You have a cow and more milk than you need, but you don’t have clothes. So you have to go around and find a person who has more clothes and is in need of milk. It was such a waste of time and energy, and it was not always easy. You want a horse, but you have to find the right person. You have to move from village to village to find the right person who can give you a horse in exchange for something that you have and he needs.

It was possible when there were very few people on the earth. Now the very idea of exchange is absurd. Just think: for any of your needs you may have to go around the whole country to find the right person. Money is one of the greatest inventions of man, to avoid this whole trouble. Whether you need milk or not, whether you have a horse or not does not matter; anybody who needs milk can pay in money and anybody who wants to sell a horse, you can purchase it. Money is a short-cut.

And just having a single rupee in your pocket. Have you ever thought about how many things you have in your pocket? If you want a man to massage you, he is in your pocket. If you want to smoke cigarettes, they are in your pocket. If you want to go to see a film, it is in your pocket. Of course you cannot have all the things for one rupee, but you can choose anything that you want.

Kahlil Gibran would have been supported by a man like Mahatma Gandhi, because he was talking of a world so primitive that except for barter. Money would have been impossible. And you will be surprised to know that it was not the West that invented money and currency, it was China. They have been using currency notes for three thousand years.

When Marco Polo discovered currency notes he could not believe it, because although money had come into existence in European countries in the West, it was in gold coins. If you were carrying ten thousand gold coins, either their weight would kill you or you would be robbed, because anybody can see that you are carrying ten thousand gold coins. And what is the need of carrying such a burden from one place to another? - it can be done with a small piece of paper, just a ten-thousand-rupee note, with the promise of the government that whenever you want gold you can come to the treasury, produce the note, and take the gold.

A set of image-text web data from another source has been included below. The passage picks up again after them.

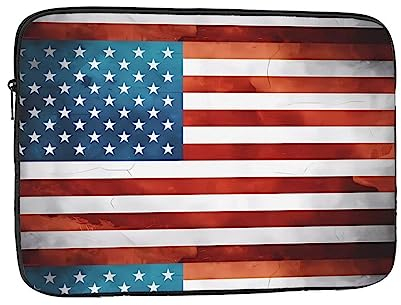 Laptoptasche mit amerikanischer USA-Flagge, strapazierfähig, für die meisten Laptops und iPads, stoßfest, schlanke Hülle, 25,4 cm (10 Zoll)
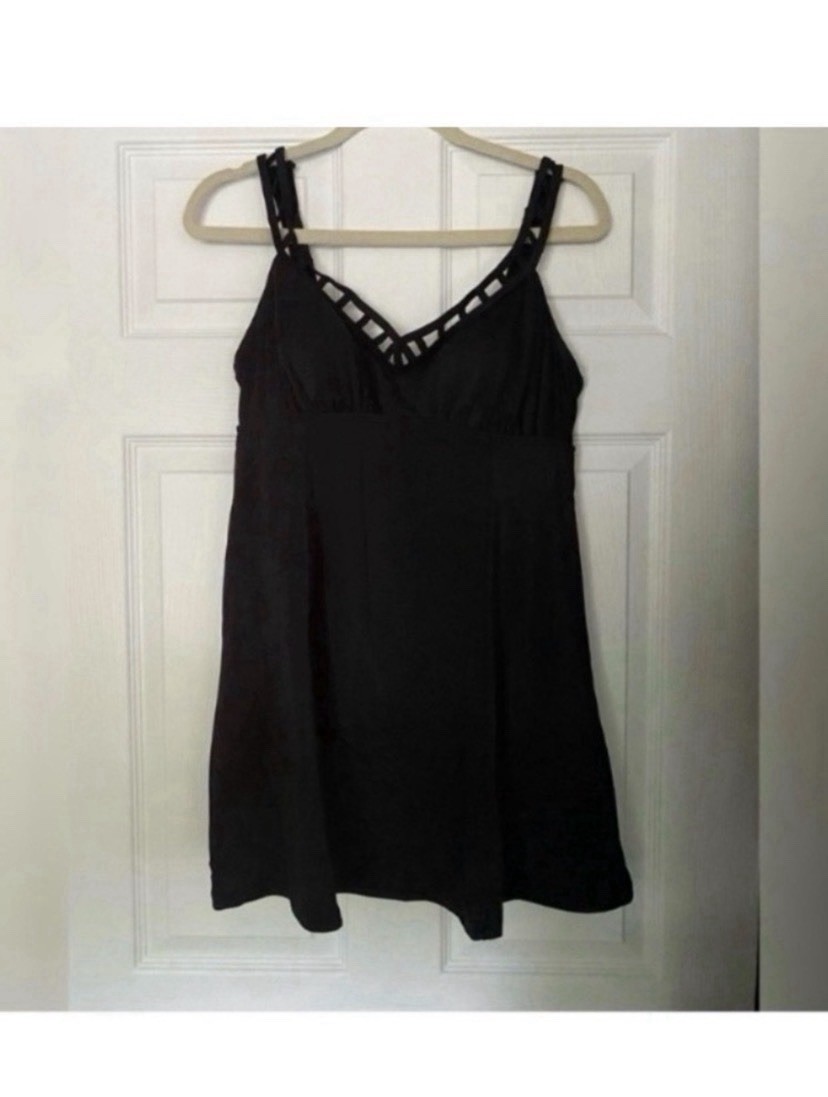 Swimsuits For All Black Cut Out One Piece Swim Dress Size 12
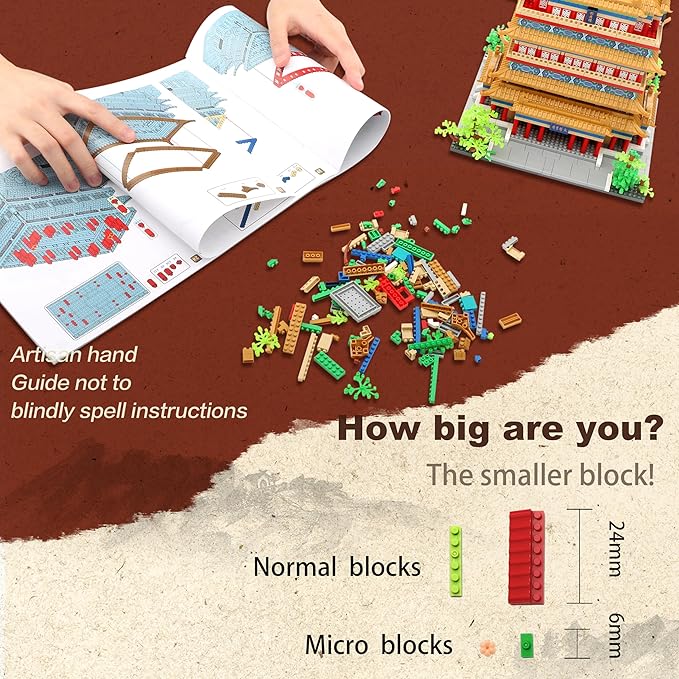 Chinese Architecture Micro Building Blocks Set Stork Tower Collectible 2196PCS Creative Building Sets for Adults Age 14+
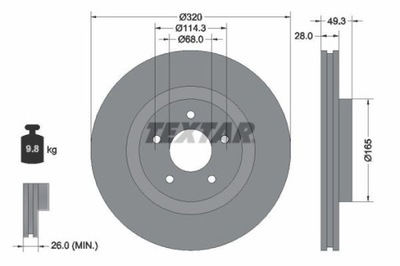 2X DISKU STABDŽIŲ NISSAN PRIEK. MURANO/PATHFINDER 3,5 12- 92299403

The gold remains in the treasury.

Certainly those people three thousand years ago must have been very intelligent. In comparison, Marco Polo thought, because he had brought many things from China to Europe. The printing press was invented in China at the same time, because without a printing press how can you have notes? He brought notes to show to the pope, because at that time the pope was the decisive factor for the whole Western world. And the whole of the pope’s court laughed at him. They said, “You call it money? Do you want to deceive us?”

The pope took a gold coin out of his pocket and threw it on the floor - certainly it created sound. And he asked Marco Polo, “Now throw your note. It is just a piece of paper. You have been deceived.”

Marco Polo tried in every way: “I am not deceived; the whole of China, which is one-fifth of the world, is already using notes.”